Naipaul's Way


© Mrinal Bose

On January 13, 2003 most important morning dailies in India carried a picture –some on their front page – of V.S. Naipaul and his wife Nadira along with an Indian journalist called Tarun Tejpal. They were chatting among themselves and looked somewhat anxious and tense. For those who have not heard about Tejpal, he is an intrepid journalist who exposed the corruption of Indian defence ministry through his unique news-portal ‘Tehelka’, and has now been paying a heavy price for it.
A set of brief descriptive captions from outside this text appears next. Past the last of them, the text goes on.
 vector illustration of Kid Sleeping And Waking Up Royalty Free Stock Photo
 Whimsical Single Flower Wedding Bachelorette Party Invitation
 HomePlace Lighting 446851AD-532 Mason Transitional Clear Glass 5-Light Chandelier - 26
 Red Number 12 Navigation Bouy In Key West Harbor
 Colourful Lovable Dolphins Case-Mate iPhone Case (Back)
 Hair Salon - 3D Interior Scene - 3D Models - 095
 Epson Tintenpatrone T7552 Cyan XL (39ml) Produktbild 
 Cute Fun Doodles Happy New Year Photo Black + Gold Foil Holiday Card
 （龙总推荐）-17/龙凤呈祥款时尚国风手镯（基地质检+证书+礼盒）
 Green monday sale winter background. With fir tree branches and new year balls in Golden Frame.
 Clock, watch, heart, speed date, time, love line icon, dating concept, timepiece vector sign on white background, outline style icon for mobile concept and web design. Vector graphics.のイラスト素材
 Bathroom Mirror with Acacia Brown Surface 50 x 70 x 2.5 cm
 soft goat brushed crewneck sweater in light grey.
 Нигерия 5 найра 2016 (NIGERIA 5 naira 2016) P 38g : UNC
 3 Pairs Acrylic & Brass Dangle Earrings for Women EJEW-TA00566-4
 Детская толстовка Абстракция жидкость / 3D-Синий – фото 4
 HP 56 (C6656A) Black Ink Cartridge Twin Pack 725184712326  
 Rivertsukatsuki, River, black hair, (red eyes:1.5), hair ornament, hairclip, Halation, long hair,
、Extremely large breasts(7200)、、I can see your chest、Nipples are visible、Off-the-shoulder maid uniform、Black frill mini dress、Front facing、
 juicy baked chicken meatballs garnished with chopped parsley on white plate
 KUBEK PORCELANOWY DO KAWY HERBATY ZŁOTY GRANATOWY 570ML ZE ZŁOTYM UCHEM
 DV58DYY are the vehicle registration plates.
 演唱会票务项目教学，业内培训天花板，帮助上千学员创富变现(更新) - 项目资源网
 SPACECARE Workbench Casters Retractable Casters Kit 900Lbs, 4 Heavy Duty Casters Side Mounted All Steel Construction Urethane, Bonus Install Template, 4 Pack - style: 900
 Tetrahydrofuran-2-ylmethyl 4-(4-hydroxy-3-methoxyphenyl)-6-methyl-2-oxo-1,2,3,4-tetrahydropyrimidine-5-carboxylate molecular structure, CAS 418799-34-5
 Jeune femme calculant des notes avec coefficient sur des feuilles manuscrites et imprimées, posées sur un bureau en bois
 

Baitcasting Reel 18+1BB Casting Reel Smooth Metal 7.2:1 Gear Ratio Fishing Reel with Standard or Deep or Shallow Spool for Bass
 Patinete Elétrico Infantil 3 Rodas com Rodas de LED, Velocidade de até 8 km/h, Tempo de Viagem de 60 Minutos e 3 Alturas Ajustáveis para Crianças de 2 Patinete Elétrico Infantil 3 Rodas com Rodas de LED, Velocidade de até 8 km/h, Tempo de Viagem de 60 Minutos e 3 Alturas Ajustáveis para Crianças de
The picture, apparently an innocuous one, stumped quite a lot of people in the Indian Government and outside of it. For one, the Indian Government views Naipaul as its best ambassador for its idea of cultural nationalism overseas. Tejpal, on the other hand, has been a bete noire who it hounded and battered no end, so much so that he had to shut down his news portal, burdened with huge debts, a commission to inquire into Tehelka affairs and a number of court cases to boot. Now, by our current standard of political correctness, the winner was supposed to fight shy of the loser by all means.

But it was Naipaul, and the rule did never apply to him. Although he came to India to attend a conference of non-resident Indians, he took time off to see and express solidarity with his young friend, and even went out of his way to attend a Supreme Court hearing in which the government allegedly framed a Tehelka journalist on false charges. The picture was taken when he came out of the court after it had approved the bail for the journalist who had been in court custody for six months at a stretch.

Interestingly, Naipaul did not stop at there, he addressed a press conference the following day to vent out his feelings about this issue. “I’m profoundly disappointed over what happened to Tehelka which can damage the country,” the great writer said. He told reporters that the Tehelka episode had become a bad story because of the “lack of graciousness and perhaps the gracelessness on the government’s part”. He urged the government to withdraw what many consider the vendetta of the government against the news portal.

The writer was noticeably restrained all through, but if you analyze the sophistry or subtlety in his uttering for secondary interpretation, he could not be more distressed. And he drove home the message that he valued and cared for a scribe’s cause, and hardly bothered about the trappings of power. Is it not great in an age when there is growing genuflection and obsequiousness to power among our writers?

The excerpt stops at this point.